At that time, Catholic League president Bill Donohue raised several questions about what happened. For one thing, he noted that the university did not have to ponder what to do regarding an earlier recent incident involving one of its fraternities: it simply suspended the students, as well as the entire Beta Theta Pi fraternity, for taking sexual pictures and videos inside the frat house and then emailing them to other members. An investigation was underway. But when it came to a female student who walked the streets naked from the waist down while mocking the pope, the administrators were much more relaxed. She was not suspended during a probe of this matter.

“The Freedom of Expression Policy” at CMU prizes individual expression, but it is not absolute: it explicitly ties rights to responsibilities. Perhaps most important, the “Carnegie Mellon Code” says students “are expected to meet the highest standards of personal, ethical and moral conduct possible.” It would seem axiomatic that the offending student violated these strictures.

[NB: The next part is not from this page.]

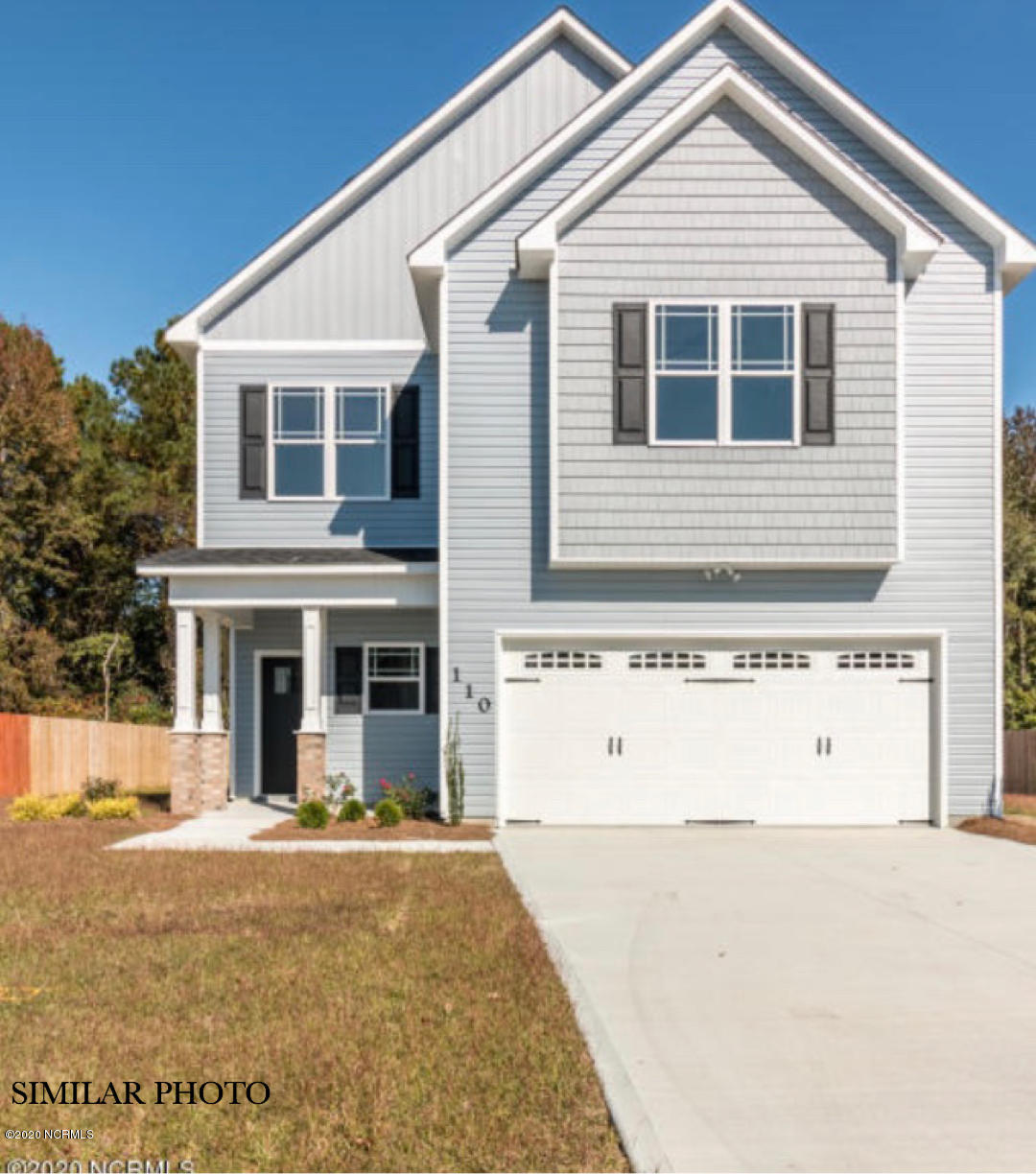 503 Ranchers Lane Jacksonville, NC 28546 - Photo 1 of 21 SIMILAR PHOTO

Donohue argued that if CMU were to tolerate this incident, invoking no sanctions whatsoever, then it would open a door it may well regret. What, he asked, if instead of shaved pubic hair in the shape of a cross, a student chooses to depict a swastika?

CMU’s decision not to suspend this female student, who publicly ridiculed Catholics and violated the local ordinance on public nudity, while invoking sanctions against the frat boys for offensive behavior behind closed doors, was legally problematic and morally indefensible.

Later CMU president Jared Cohon did apologize for the incident. His apology was sincere and much appreciated. A final resolution of this incident was not made, so it was too early to say whether CMU would treat this “highly offensive” act, as Cohon put it, the way it would resolve a pending case involving fraternity students and sex videos.

Donohue responded: “To treat the female incident in a less severe manner would raise questions about CMU’s sensitivity to anti-Catholicism, and would also put into play the issue of gender discrimination. We look forward to a just resolution to both of these indefensible incidents.”

A week later Cohon released a statement explaining that campus police had filed misdemeanor charges against the offending student, as well as two others. His letter balanced the need for freedom of expression with a commitment to fighting intolerance.

That is fine, but Cohon discredits real artistic merit when he says the student “made an artistic statement that proved to be controversial.” Donohue commented: “There is nothing artistic about this infantile anti-Catholic insult. But we appreciate his willingness not to dodge this issue.”